Do you click the first result?
From Jacob Nielsen, The Power of Defaults. Primarily, it discusses the fact that users click the first entry in a search engine on average, typically favouring it 42% over other options.
I’m sure I click the top link quite often believing — maybe falsely — that the search engine’s ranking of the first page is worth my time to at least check it out.
Sometimes, it’s obvious. In the searches below, my search was for “best mouse to buy.”
In both instances, the engines provided me enough information to quickly determine that the first options were in fact likely not relevant to my search. Actually in this case, even the first 3 links in Google had no relevance to my search. MSN seems to have better matches at first glance, and I would have strongly considered the second option. (For those who care, the 4th option for Google was a review of a mouse, actually the same Logitech mouse…).
So, back to the original question. Why do users click the first link? Because they don’t know any better! It’s often difficult to quickly rank the relevancy of a set of search results when they are presented like they currently are on Google and MSN (and all of the other clones). It’s challenging to form an effective search still today … you need often think like the author, which can be difficult depending on the subject (especially when needing to use common keywords).
I don’t know what the search engine companies have in the works. My wish list includes: more relevant results; better at a glance understanding of how a result actually matches with my needs (highlighted keywords can often be deceptive); a better way of filtering out the junk after a search (to better narrow the focus); some method for searching for recent content (as part of a filter) without going to the advanced tab; the ability to exclude web sites for some period of time so that I can ignore them; slick user interface (maybe using a more DHTML/XMLHTTP/AJAX style approach rather than page round-trips?) and generally fast (I’m willing to wait a ‘bit’ if the result quality and the search experience is very nice).

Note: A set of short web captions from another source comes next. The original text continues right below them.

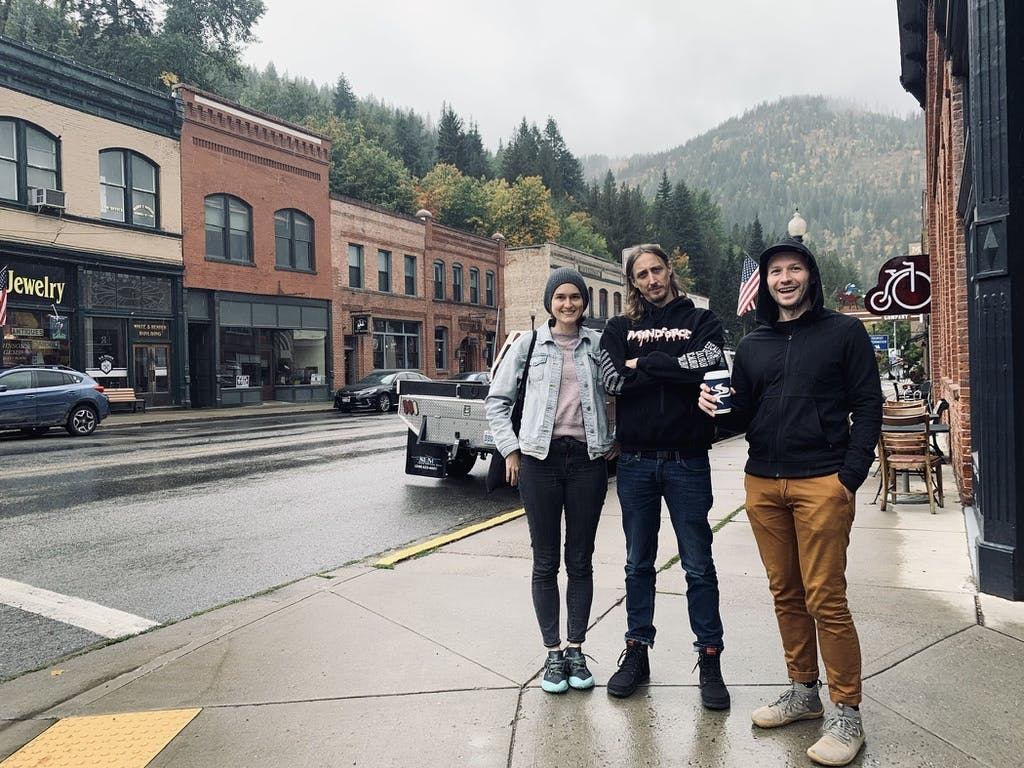 A year ago, Kristen and Dave swung through Wallace, ID to see Jordan! Little did we know that we’d be working together 365 days later. Late September, 2021. 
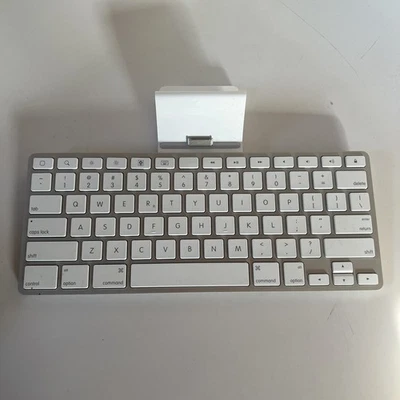 Apple OEM A1359 Keyboard Dock for Apple 30-pin Connector iPad iPhone MC533LL/A - Image 1 of 4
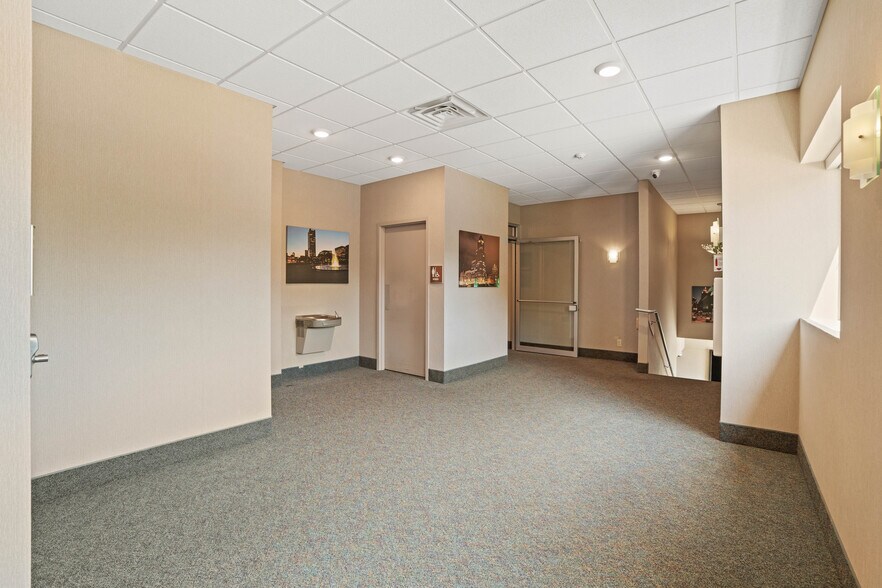 More Photos Of 10625 W North Ave, Milwaukee Medical For Lease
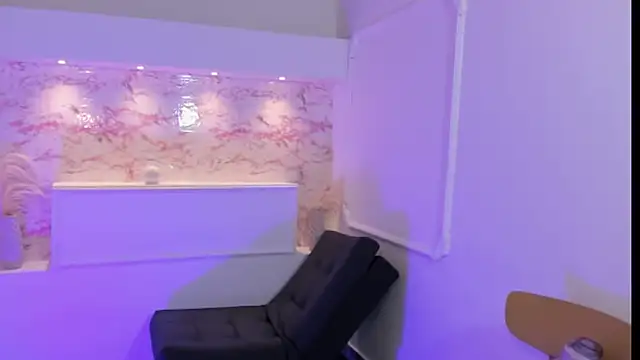 CataGreen1's cam snapshot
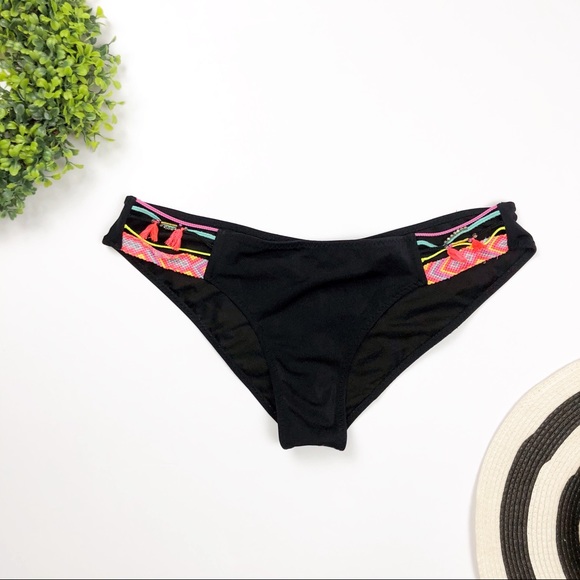 black bikini bottoms size 4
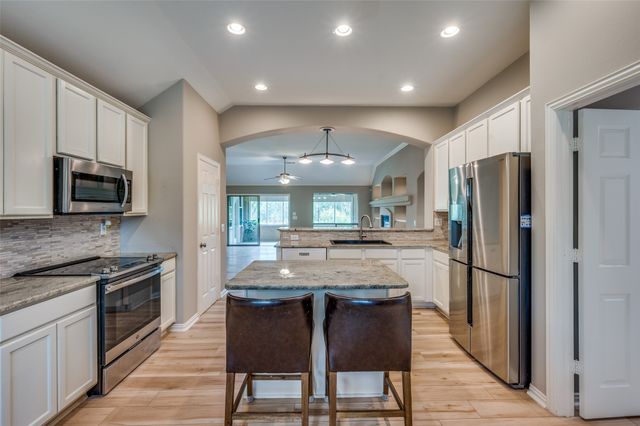 9608 Callaway Court, Denton, TX 76207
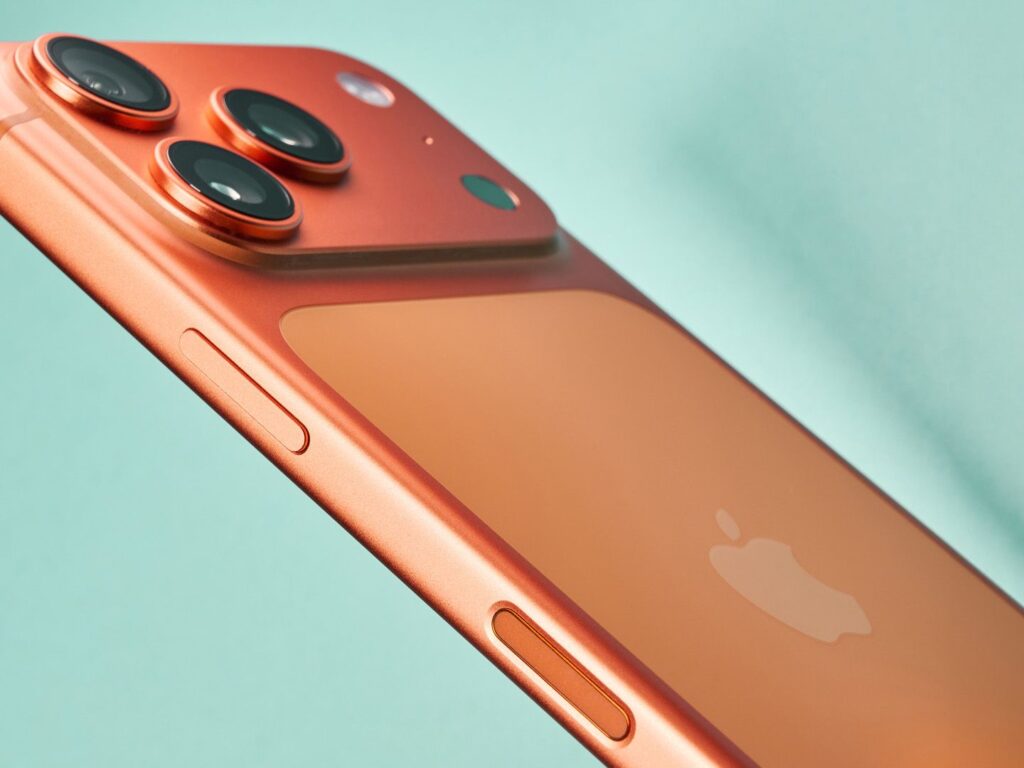 Bocoran Warna Dark Cherry Siap Gantikan Cosmic Orange di iPhone 18 Pro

Related: MSN Search has a very interesting UI for displaying some of the search criteria and specific settings. Just click “search builder” to try it your self. It did improve the MSN search results for the mouse search. More content related to my sample search was returned at the top.
Jacob’s conclusion: make sure your content ranks high in search results. Like we needed a study for that. 
Comments
Every search engine says its results are relevant but I think that as long as results are in Macro-content the results will always be mixed - relevant and irrelevant and the user will be frustrated.
see more on
http://qtsaver.blogspot.com/2005/09/macro-content-relevance.html
Posted by: Zeev Barkan | September 30, 2005 6:03 AM
Maybe. I followed your link, but it wasn't obvious what gains a "micro-content" search tool offers.